AD: It sounds strange to say, but, despite the horrible things he contemplates doing, I love Sinan. He feels like he really does exist to me, even though he only exists in my mind and on paper. His conflicted nature and his complexity are what I love the most, because I think we’re all like that. No one is absolutely bad and no one is absolutely good; we all struggle with our conflicting natures, and that struggle can be exacerbated by outside influences --- war, poverty, loss, etc. I think, though, Sinan’s honesty, or his desire to be honest, is of utmost importance to me. Sinan wants to be a good man, he wants to love his children equally, he wants to understand people, but he is also powerless, angry, bitter and, above all, scared. It’s difficult for me to talk about Sinan in a way that will shed any more light on his character than the book already does, because he is confusing to me as well, just as he should be, I think. If I read the book today, I would still struggle with his character --- I would love him, be disappointed in him, be repulsed by him; but, in the end, I would still care about him because he does struggle, and there is nobility in that struggle. 

BRC: And because Sinan and Irem are so alike in some ways --- stubborn, passionate, conflicted --- I’d be interested in asking you the same question about her character as well. Also, what does her relationship with her family illustrate about the clash between giving in to the temptations of a modern lifestyle and practicing a traditional Muslim one?

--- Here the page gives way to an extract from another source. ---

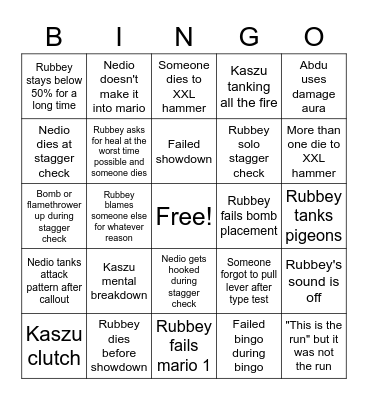 Clown mental breakdown Bingo Card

AD: One of the things I enjoyed most about reading GARDENS OF WATER is thinking about and deconstructing the many paradoxes you present throughout the story. Sinan doesn’t trust the Americans, but Marcus’s wife, an American woman, dies saving Sinan’s son’s life. 

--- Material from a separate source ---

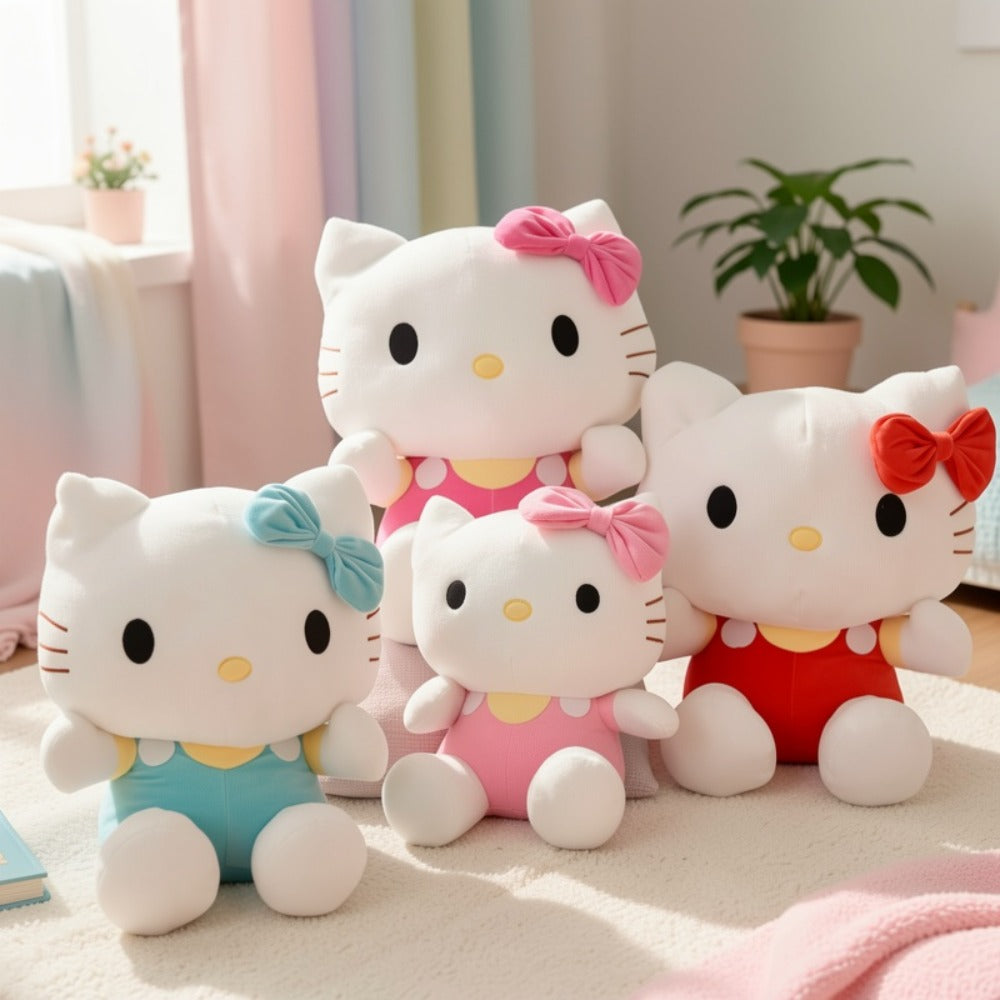 Plush Toy Three-Piece Hello Kitty Character Set with Red, Pink and Blue Bow Styling for Display — image 6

BRC: Sinan refuses to let Irem see Dylan despite their love for each other, yet Dylan shares similar views as Sinan when it comes to the Americans’ way of treating --- and trying to convert --- the Muslims. Why did you write the book in this way?

AD: To be honest, I’m not sure I was conscious of writing all these paradoxes. Sometimes these things grow naturally out of writing the story, and have more to do with staying true to a character's personality than it does out of planning and a hidden symbolic agenda.

Some of them I did on purpose, of course --- Sarah saving Ismail, for instance. This was important in terms of character because Sinan needed to feel beholden to Marcus so that their relationship could develop, but also so he would have to see these people as individuals and not just as those Americans. This thrusts Sinan into a deep emotional conflict, which drives much of the story.

Also, I liked the idea of Sarah --- the name of Abraham's wife in the Bible --- saving Ismail, the lost son of Abraham by Hagar, and the ancestor of the Arab people.

I wanted this to speak symbolically to the shared ancestry of Jews, Christians and Muslims. Also, I wanted that selfless act to play ironically against Sinan and Marcus’s failed friendship. Sarah’s sacrificing herself for Ismail is the only selfless act in the story, and, if you listen to Marcus describe her, she is also the least self-righteous character in the novel. As far as Dylan is concerned, it seemed only natural that he would chafe under his father’s conservative religious thinking just as Irem would against Sinan’s. In a way, Irem and Dylan’s situation is exactly the same, just from opposite ends of the religious spectrum. 

BRC: At one point, Marcus says to Sinan, “A man’s pride shall bring him low, Sinan, but honor shall uphold the humble in spirit.” What is the significance of this quote, and how does it illustrate some of the major themes in GARDENS OF WATER?

AD: At that point in the book, it isn’t only pride that keeps Sinan from going into the tent city. Marcus isn't wrong for accusing Sinan of that, but he misses the more important reason Sinan won’t bring his family into the tent city --- his distrust of Americans and his desire to honor his father’s memory.

Of course, Sinan does think of killing his daughter because she is “dishonoring” his name. Also, there is something very prideful to me about thinking that your version of religious truth is absolutely better than another man’s. When Marcus begins to proselytize to Ismail, it seems to me that he stops acting honorably and instead acts selfishly. This helps to bring about the ruin of a growing friendship and understanding. 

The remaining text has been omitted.